Why Your Car is Probably Black, White, or Silver

Many things about your car are unique. Your auto insurance policy, your air freshener, and your radio station presets are all at least somewhat unique to you, but if you take a look at a row of parked vehicles, you may notice a pattern. Statistically, it’s very likely that you find yourself surrounded by mostly black, white, grey, or silvers cars every time you hit the road.

It’s not as if there aren’t enough options out there – the 2016 Ford Explorer was available in 10 different colors ranging from “black” to “Caribou” to “Blue Jeans”, and most car dealerships make a point to stock a few different color options. So why is it, with all of these options available, that neutral tones dominate the road?

Before we look at the “why”, it may help to clarify that the American car buyer’s preference isn’t just a strange coincidence. A recent survey conducted by Axalta Coating Systems revealed that 29% of vehicles across the world are white, and in America alone, similar vehicles make up a full 25% of sales. In a study of American vehicles conducted by PPG Industries, this information was supported. PPG’s findings indicated that 23% of American vehicles were white, with black and grey following with 18% and 16% respectively.

Jane Harrington, manager of automotive color styling at PPG Industries, has a theory that might explain all of this. “A lot of times a consumer may have seen that gray-orange in an advertisement or on a billboard, but by the time they make the expensive purchase they’re more conservative,” she said. “They think, ‘Can I really have that color for five years?'” If you’ve ever purchased a vehicle, you surely understand the apprehension that accompanies such a large commitment, and I’m inclined to agree that this worry is at least partially responsible for the popularity of “safe” colors.
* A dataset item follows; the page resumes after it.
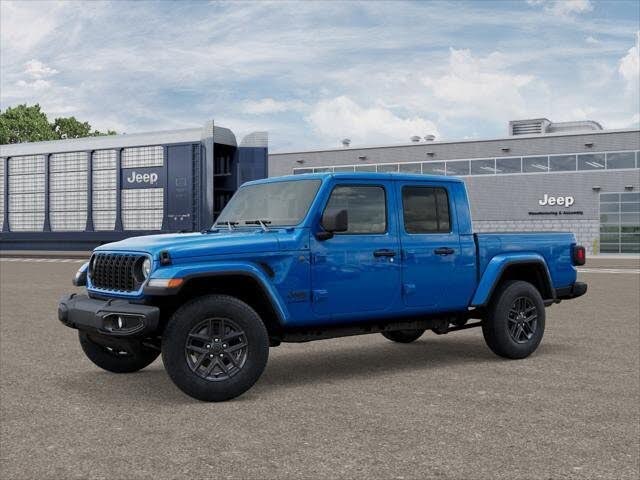 2026 Jeep Gladiator Sport S Crew Cab 4WD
Buying a more neutral color of car makes sense financially as well. In many cities, the color of your vehicle can impact car insurance quotes and rates in unexpected ways, and if you ever plan on reselling, a brighter shade might be a setback. The numbers don’t lie – vehicles with a less enthusiastic color pallet are more popular, so they’ll be easier to sell for a higher price. Buying a bright blue or yellow car might sound like a great idea now, but if you try to sell that same vehicle in a few years, it might be more difficult than anticipated. Of course, if you find the right buyer, it won’t be a problem at all.

But don’t lose hope – beautiful, brightly-colored cars are making a slow comeback as illustrated, again, by the data collected by PPG Industries. Over the last two years, the popularity of silver and grey vehicle has dropped 7%, so a future in which bright, unique vehicles are the norm might not be so far off.

What colors are you considering for your next car? Has your vehicle’s paint job ever put you in a difficult situation? Let us know in the comments section below, and don’t forget to call or click today for more information on unique, personalized car insurance policies that fit your budget, needs, and lifestyle.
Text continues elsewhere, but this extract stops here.